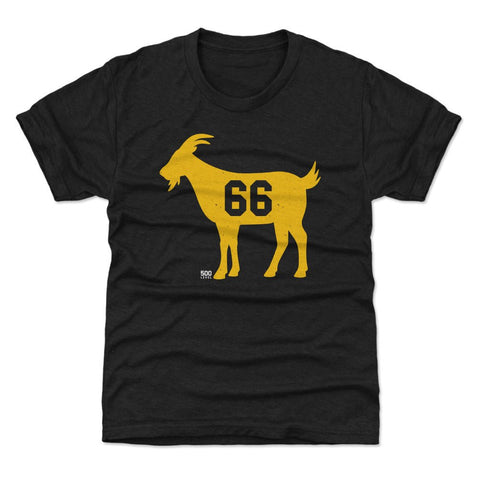 Kids Crewneck T-Shirt - Pittsburgh GOAT 66 | Lightweight Cotton Polyester Tee Kids T-Shirt - YinzerShop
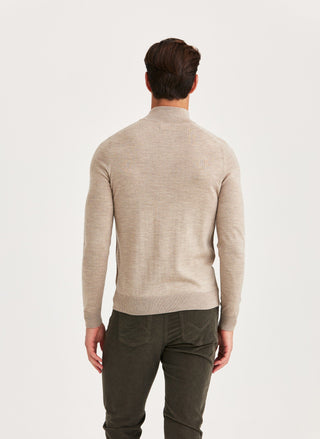 Merino John Zip Khaki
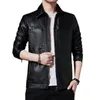 Men's Leather Faux 2023 Jacket Men Loose Soft Single Breasted Pu Coats Casual Biker Turn Down Collar Fur Coat 230908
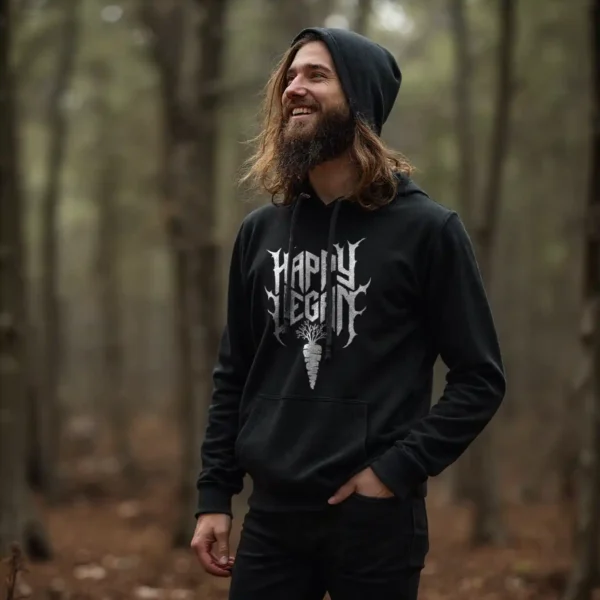 Happy Vegan Hoodie – Bild 2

************

_WORK ITEM:_ Every line of the data above is to be set down exactly; the pictures are not.

_RESPONSE BOX:_
 Kids Crewneck T-Shirt - Pittsburgh GOAT 66 | Lightweight Cotton Polyester Tee Kids T-Shirt - YinzerShop
 Merino John Zip Khaki
 Men's Leather Faux 2023 Jacket Men Loose Soft Single Breasted Pu Coats Casual Biker Turn Down Collar Fur Coat 230908
 Happy Vegan Hoodie – Bild 2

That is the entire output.